【作品情報】
作品名:光をえがく人
著者:一色さゆり
ページ数:258
ジャンル:エンタメ
出版社:講談社
おススメ度 : ★★★★★★★☆☆☆
アジアの情勢がわかる度 : ★★★★★★★☆☆☆
こういう人におススメ! : アジア情勢とアートを絡ませた作品に興味あり
拾ったアドレス帳の持ち主を探しに韓国へ。現代美術作品がきっかけの、女性二人旅の結末は──「ハングルを追って」を含む、芸術が照らし出す5編のショートストーリー集。

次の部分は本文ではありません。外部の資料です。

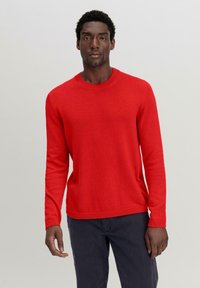 Roter Strickpullover mit langen Ärmeln, Rundhalsausschnitt und gerippten Bündchen. Glatte Textur mit dezenten Details am Halsausschnitt.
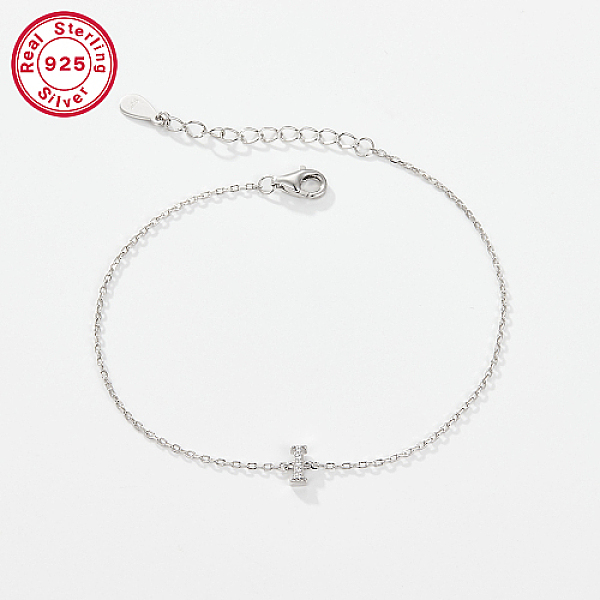 PandaHall Rhodium Plated 925 Sterling Silver Letter Cubic Zirconia Link Bracelets, Cable Chains Bracelets for Women, Letter I, 6-1/4 inch..., Clear
PandaHall Rhodium Plated 925 Sterling Silver Letter Cubic Zirconia Link Bracelets, Cable Chains Bracelets for Women, Letter I, 6-1/4 inch..., Clear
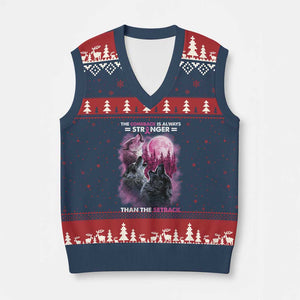 Pink Breast Cancer V-Neck Knit Sweater Vest Pink Ribbon Comeback Stronger Than Setback Wolf Moon TS10 Navy Red Print Your Wear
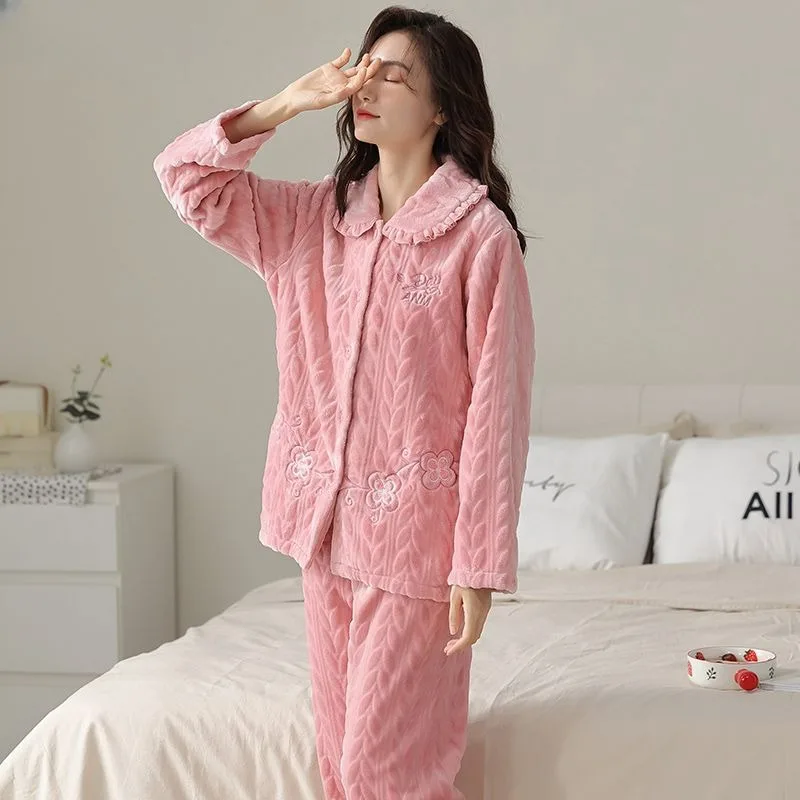 Flannel Pajamas Autumn Winter Women Cardigan Loose Velvet Thickened Homewear Female Warm Large Size Coral Fleece Sleepwear Sets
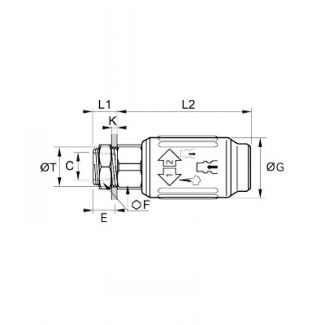 Corps femelle traversée de cloison BSP cylindrique, profil ISO B - LEGRIS 416U - Plan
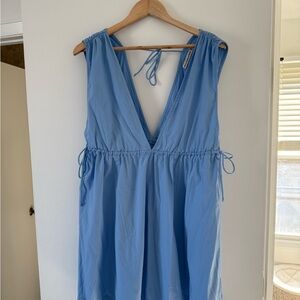 Light Blue V-Neck Sleeveless Sundress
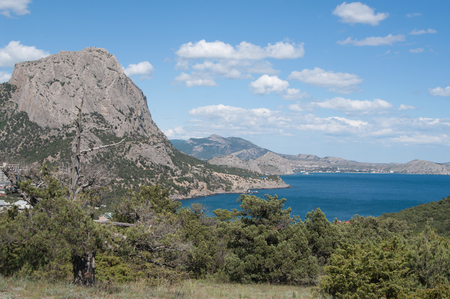 Crimean landscape, juniper trees, Sokol mountain and Black seaの写真素材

一色さゆりさんの作品ということで、今作もまた芸術関連の作品だろうと思って手に取る。
そのこと自体は間違っていなかったが、作品内容は思っていたのとは違っていた。
5本の短編で構成された本書は、いずれもアジアをテーマにした作品になっている。
単にアジアをテーマにしているだけでなく、アジア情勢を中にまぶしこんでいるところが時勢ともあっている。
それでいて難解ということはなく、読み手にもわかりやすく簡潔に描いているのもまた良い。
- 韓国
- 香港
- フィリピン
- モンゴル
- ミャンマー
それぞれが、それぞれの事情を抱えている。
日本に暮らしているとなかなか実感もわかないし、詳細もわからない。
そんな国々をテーマに、登場人物たちは過去を探し、未来を目指し、各人の物語を紡いでいく。
無理しているわけではなく、かといって諦めているわけでもなく。
ふとしたことで前向きになったり。
考え方を変えたり。
そんなことを作品内で表現している。
国が異なると同時に、テーマのアートも異なる。
油絵に水墨画に人形に写真に布に描いた絵・・・
あくまでテーマであって、それぞれに対して深い造詣や知識は必要ではない。
なんというか、それぞれの作品が作り出している雰囲気というか空気感というか。
そういうのを味わいながらゆったりと読む本、みたいな感じです。
一色さん、作品の色というか方向性を変えてきているのですかね?
ミステリーとかそういうのを期待して手に取らないように。
一色さんのデビュー作がミステリーでしたからね。